Coding a Population Density Visual

Coding a Population Density Visual

In a recent semester III Data Visualisation class, a student presented this Population Density graphic as a case study. It is a very well done piece, and I told them that it was not beyond their own abilities given that we had done a Creative coding class the previous semester.

So I took it up as a challenge to show them it could be done.

Find my coded version here.
Find the code here.

The process :

The basic population and density data was taken from a Wikipedia article, and cleaned up in a spreadsheet. The one-time sorting was also done in the spreadsheet itself, rather than implement a sort function within the code. It’s ok not to reinvent the wheel every time.

Each country is represented by 2 circles - one represents it’s population density using distributed dots within itself, while the other’s size is linked to the absolute population.

Data for each country is stored in an array. The 30-odd lines to initiate values into the array were NOT typed in by me, but generated in the spreadsheet itself and pasted into the editor. Laziness leads to innovation.

The essential logic for the density circle is that the population density number is scaled down and used to generate that many dots within the country’s circle at random positions. Since the random positions are generated using random x and y coordinates, the points that fall beyond the circle are filtered out, and also regenerated for accuracy.

I tried a polar coordinate based random generation but it clusters heavily around the centre and I changed it back to the Cartesian, but with a filter, for better-looking distribution.

The population circle is even simpler. The size of the population of each country is scaled down and used to decide the diameter of the circle. However, some basic calculations are done to align it’s base with the Density circle base. A horizontal line connects the two to give it a visual link.

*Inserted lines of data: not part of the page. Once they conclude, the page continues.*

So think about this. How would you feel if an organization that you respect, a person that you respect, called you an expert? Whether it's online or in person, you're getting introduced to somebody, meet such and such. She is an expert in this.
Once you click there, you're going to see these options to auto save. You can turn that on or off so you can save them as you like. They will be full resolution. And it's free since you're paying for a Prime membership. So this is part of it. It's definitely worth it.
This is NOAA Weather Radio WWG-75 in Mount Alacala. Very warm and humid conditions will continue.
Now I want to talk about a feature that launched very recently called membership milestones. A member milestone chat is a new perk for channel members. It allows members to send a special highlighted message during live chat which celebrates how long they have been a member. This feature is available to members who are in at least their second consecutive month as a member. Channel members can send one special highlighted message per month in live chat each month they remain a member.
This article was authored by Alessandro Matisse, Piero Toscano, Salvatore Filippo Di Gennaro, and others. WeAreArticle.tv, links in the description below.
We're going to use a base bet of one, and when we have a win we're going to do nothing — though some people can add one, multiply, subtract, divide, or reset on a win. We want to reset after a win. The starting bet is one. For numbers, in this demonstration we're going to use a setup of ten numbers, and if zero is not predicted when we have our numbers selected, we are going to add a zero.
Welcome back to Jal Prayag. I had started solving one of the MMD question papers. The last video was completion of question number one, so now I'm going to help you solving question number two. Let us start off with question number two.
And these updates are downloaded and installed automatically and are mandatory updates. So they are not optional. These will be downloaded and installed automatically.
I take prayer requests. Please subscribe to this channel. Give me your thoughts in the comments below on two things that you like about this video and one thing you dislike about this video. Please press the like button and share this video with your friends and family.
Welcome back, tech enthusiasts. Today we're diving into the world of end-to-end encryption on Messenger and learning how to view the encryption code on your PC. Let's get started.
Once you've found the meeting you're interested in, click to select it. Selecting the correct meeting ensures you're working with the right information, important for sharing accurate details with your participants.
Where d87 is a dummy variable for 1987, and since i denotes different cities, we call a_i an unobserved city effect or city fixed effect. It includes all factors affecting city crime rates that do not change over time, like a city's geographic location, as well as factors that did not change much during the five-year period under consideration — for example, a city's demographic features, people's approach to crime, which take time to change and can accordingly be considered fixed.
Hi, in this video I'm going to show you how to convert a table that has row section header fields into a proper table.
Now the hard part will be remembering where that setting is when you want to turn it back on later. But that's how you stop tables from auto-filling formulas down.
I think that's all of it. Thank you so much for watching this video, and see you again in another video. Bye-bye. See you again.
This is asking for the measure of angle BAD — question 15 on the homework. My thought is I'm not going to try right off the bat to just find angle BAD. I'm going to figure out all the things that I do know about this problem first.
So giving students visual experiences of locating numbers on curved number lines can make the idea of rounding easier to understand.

A lot of tweaking was done to get the positions and alignments right, mainly because I’d made some very basic calculation and variable name gaffes that - as usual with code - took me an inordinately long time to discover.

A colour scheme was applied later to go from stark black-and-white which is my usual output to a slightly more lively appearance.

The last update I made was to include the display code within the draw() loop instead of just the setup(), resulting in a chaotically animated density visual rather than a static image.